Not all data mappings are so simple. Let's look at the Service task Insert Trade in the process model Execute Trade, below.

Insert Trade is bound to the OData operation Create trades, which inserts a database record. Its Operation Library entry specifies the task input parameter trade, type NS.trade, shown below.

Actually, because the ID value is generated by the database, we need to exclude it from the Input Mapping. Also, the process variable trade uses a FEEL date and time value for Timestamp instead of the Unix timestamp used in NS.trade. We can accommodate these details by using a context in the Input Mapping instead of a simple literal expression. It looks like this:

The context allows each component of the task input trade to be mapped individually from the process variables trade and Quote (which provides the price at the time of trade execution). As we saw with the Decision task, the Context section lists the available process variables, and the first column of the Mapping section lists the task inputs. Note also that the Price mapping uses the conditional boxed expression for if..then..else, new in DMN 1.4, designed to make complex literal expressions more business-friendly.

Finally, let's look at the Script task in this process, Validate Trade Value. Script and User tasks differ from the other task types in that the modeler actually defines the task inputs and outputs in the Data Mapping. On the Trisotech platform, a Script task has a single task output with a value determined by a single FEEL literal expression. As you can see in the process diagram, the process variables with incoming data associations to Validate Trade Value are trade, Quote, and portfolio, and the task output is passed to the variable Error list. This task checks to see if the value of a Buy trade exceeds the portfolio Cash balance or the number of shares in a Sell trade exceeds the portfolio share holdings.

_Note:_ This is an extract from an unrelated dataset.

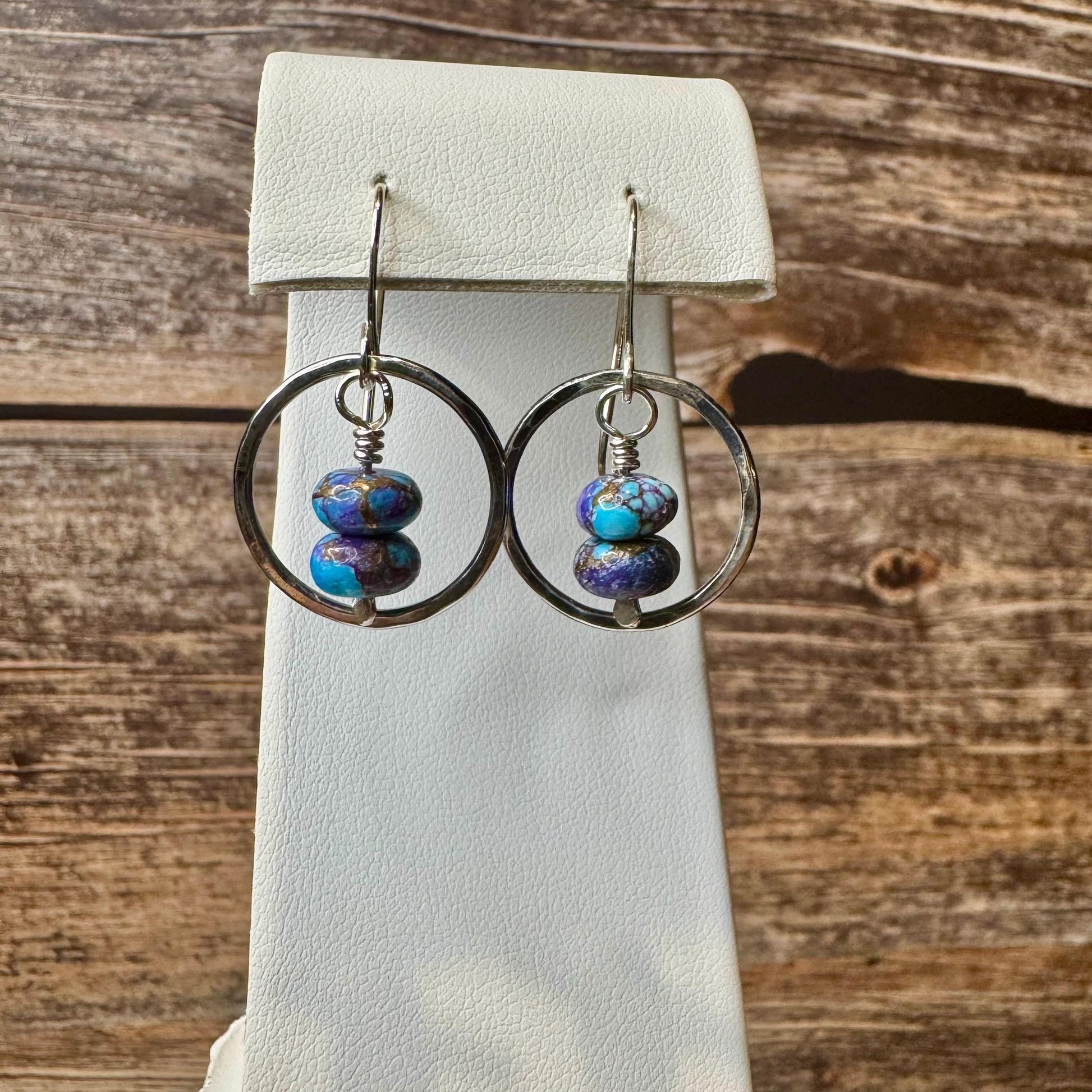 Sterling Silver Purple Turquoise Earrings, Oxidized Sterling Silver Circles Dangle, Spotted Mohave Gemstone, Unique Jewelry, Women's Gift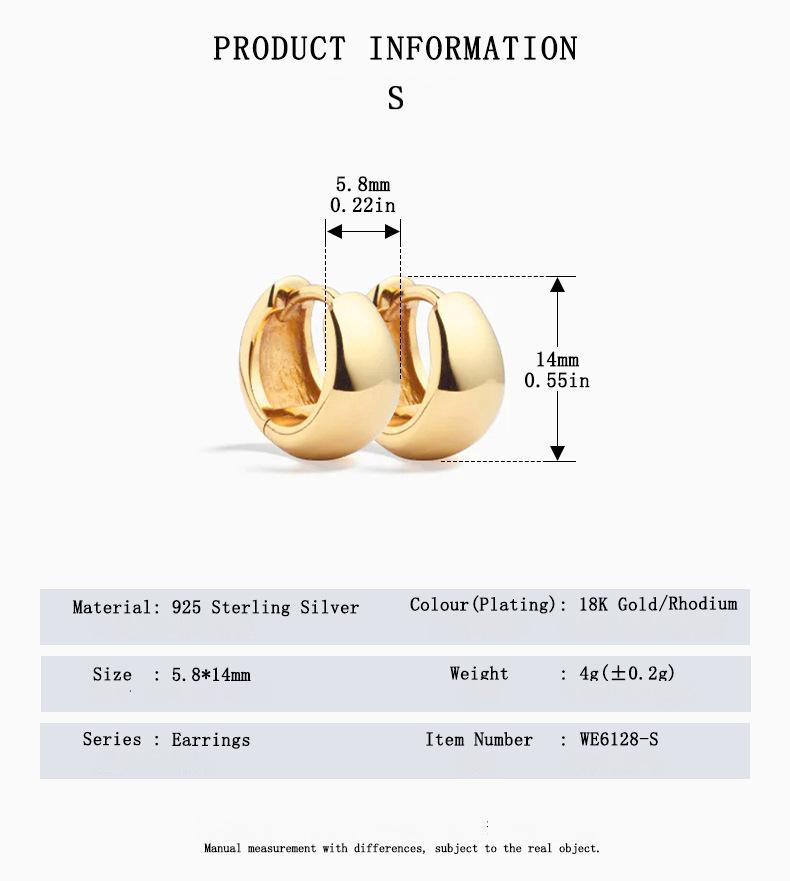 Size and Diameter Chart of S925 Smooth Hoop Earrings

In the Script task Input Mapping, the modeler defines the names and types of the task inputs in the first column of the Mapping section. The mapping to those task inputs here are more complex literal expressions. The script literal expression references those task inputs, not the process variables. User tasks work the same way, except they are not limited to a single task output.

Hopefully you see now how data flow turns a non-executable process into an executable one. The triggering API call populates one or more process data inputs, from which data is passed via Input Mapping to task inputs. The resulting task outputs are mapped to other process variables (data objects), and so forth, until the API response is returned from the process data output. On the Trisotech platform, none of this requires programming. It's just a matter of drawing the data associations and filling in the Data Mapping tables using FEEL.